Sonja Zietlow, seit 2004 Heldin des RTL-Dschungels, hat sich unlängst furchtbar aufgeregt, dass sie in diesem Jahr erneut einen Deutschen Fernsehpreis bekommen hat, diesmal für das frische RTL-Format „Die Verräter – Vertraue niemandem!“. Es würden manchmal Formate ausgezeichnet, „nur weil sie gut gemachtes Fernsehen sind“, ätzte Zietlow. Im Gegensatz dazu bekomme „Ich bin ein Star – Holt mich hier raus!“ erst nach 20 Jahren den ersten Fernsehpreis, „obwohl es das wirklich erfolgreichste Format der letzten 20 Jahre ist. Das ist ein Arschtritt für Dirk Bach, für mich und für Daniel Hartwich.“

Well, abgesehen davon, dass die nun doppelte Fernsehpreisträgerin in ihrer Suada außer Acht ließ, dass die Dschungelshow mit neun Nominierungen sowie einem Deutschen Fernsehpreis im Vorjahr eines der meistberücksichtigten Unterhaltungsformate in der Geschichte des deutschen Fernsehens ist, würde man gerne das hier wissen, weil es ja irgendwie vergleichbare Fälle sind:

Hegt Heidi Klum eigentlich ähnliche Gefühle wie Sonja Zietlow?

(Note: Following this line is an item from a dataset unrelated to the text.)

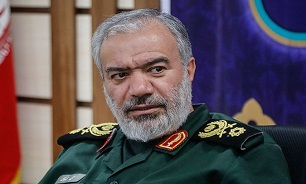 سردار فدوی: دشمنان دریافته اند که گزینه نظامی علیه ایران نتیجه ندارد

Am kommenden Mittwoch in München wird die Präsentatorin und Namensgeberin von „Germany’s Next Topmodel by Heidi Klum“ mit einem „Blauen Panther – TV & Streaming Award“ ausgezeichnet, vormals Bayerischer Fernsehpreis genannt. Damit erhält sie hierzulande zum allerersten Mal eine Fernsehtrophäe, obwohl die Modelshow eines der wirklich erfolgreichsten Formate der letzten 20 Jahre ist, zumindest auf ProSieben. Nicht mal eine Nominierung gab es für GNTM in all der Zeit.

Ob Heidi Klum im Jury-Lob aus Bayern, das sich explizit auf die in diesem Jahr ausgestrahlte 19. Staffel bezieht, „Arschtrittpotenzial“ erkennt oder sich einfach nur ganz dolle freut, ist nicht bekannt und ihre Auskunftsfreude gegenüber DWDL.de ohnehin, nun ja, verhalten. Zum Glück ist ihr Produzent gesprächsbereiter.

Jobst Benthues © Redseven Entertainment / Yves Krie
Jobst Benthues ist, was Fernsehpreise betrifft, mehrfach dekoriert. Die von ihm 2008 gegründete und geführte Produktionsfirma Redseven Entertainment holte zum Beispiel 2022 für den One-Shot „Don’t stop the music“ mit Bülent Ceylan sowohl einen Deutschen als auch einen Bayerischen Fernsehpreis. Im Portfolio finden sich seit 2009 „Rosins Restaurants“ und die Abspeckshow „The Biggest Loser“, auch der Langläufer „The Taste“ (2018 für den Deutschen Fernsehpreis nominiert) – und eben „Topmodel“, das die Redseven 2013 von der Tresor TV erbte.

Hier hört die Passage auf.